Thangamana Thangachi is a 1991 Indian Tamil-language drama film directed by Senthilnathan. The film stars R. Sarathkumar and Aamani (credited as Meenakshi) while Mansoor Ali Khan, Ragapriya, Jai Ganesh, Senthil, and K. R. Ganesh, among others, appear in supporting roles. It was released on 15 January 1991.

== Plot ==

Vijay and Seetha are siblings. After their mother's death, Vijay worked hard to come up in life. He brought up his sister alone. Many years later, Vijay becomes a taxi driver. Seetha falls in love with the postman Kannan, while Vijay is in love with his childhood lover Lakshmi.
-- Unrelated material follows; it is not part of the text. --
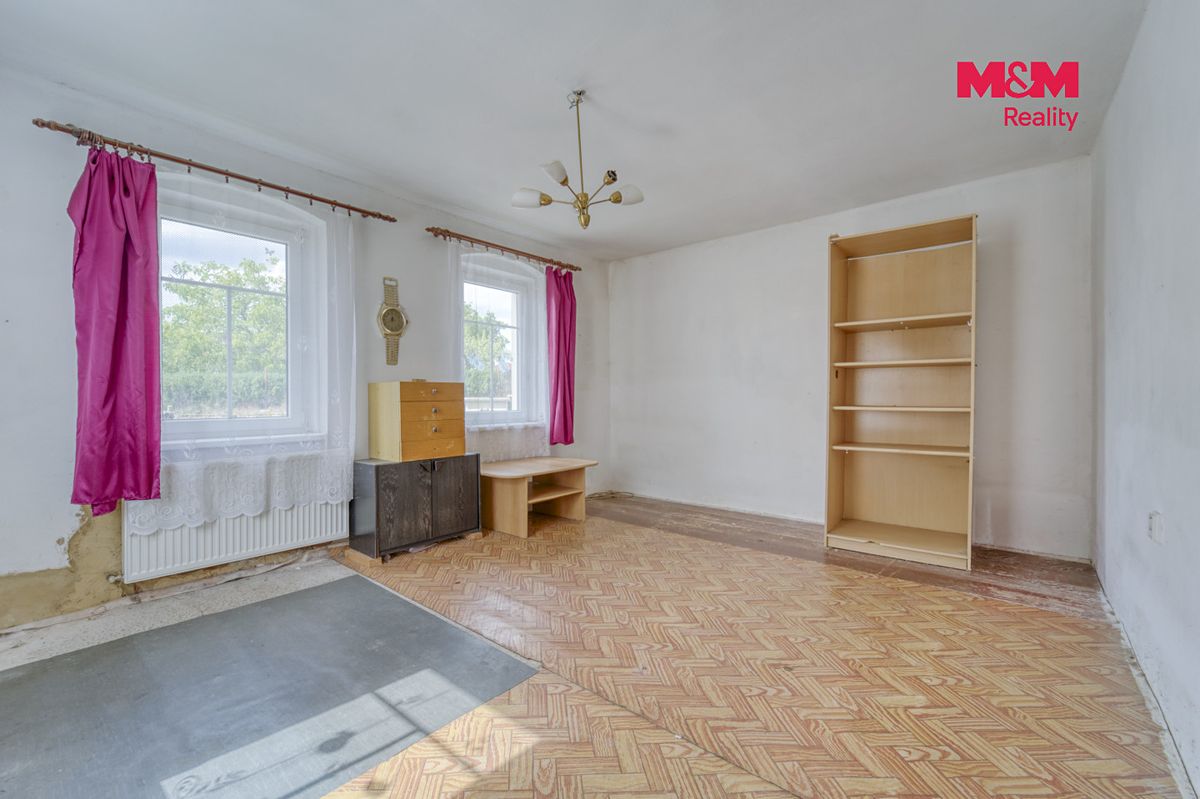 Prodej rodinného domu 94 m², pozemek 1032 m² – fotografie 5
Lakshmi is the daughter of the corrupt politician Marappan, and her brother rapes the young girls as he wishes. At Seetha's wedding, Lakshmi's brother kidnaps Seetha and then rapes and brutally kills her. Vijay decides to take revenge.

== Soundtrack ==
The music was composed by Shankar–Ganesh, with lyrics written by Kalidasan.

| Song | Singer(s) | Duration |
|---|---|---|
| "Chinnachiru Ponmane" | Minmini | 5:02 |
| "Kalyaana Ponne" (happy) | Mano | 4:15 |
| "Kalyaana Ponne" (sad) | Prabhakar | 0:36 |
| "Vaaya Katti Vayatha Katti" | Swarnalatha | 4:20 |
| "Vaanam Paadikootame" | Minmini | 3:51 |

== Reception ==
C. R. K. of Kalki wrote a review as a conversation between a husband and wife narrating the story and characters.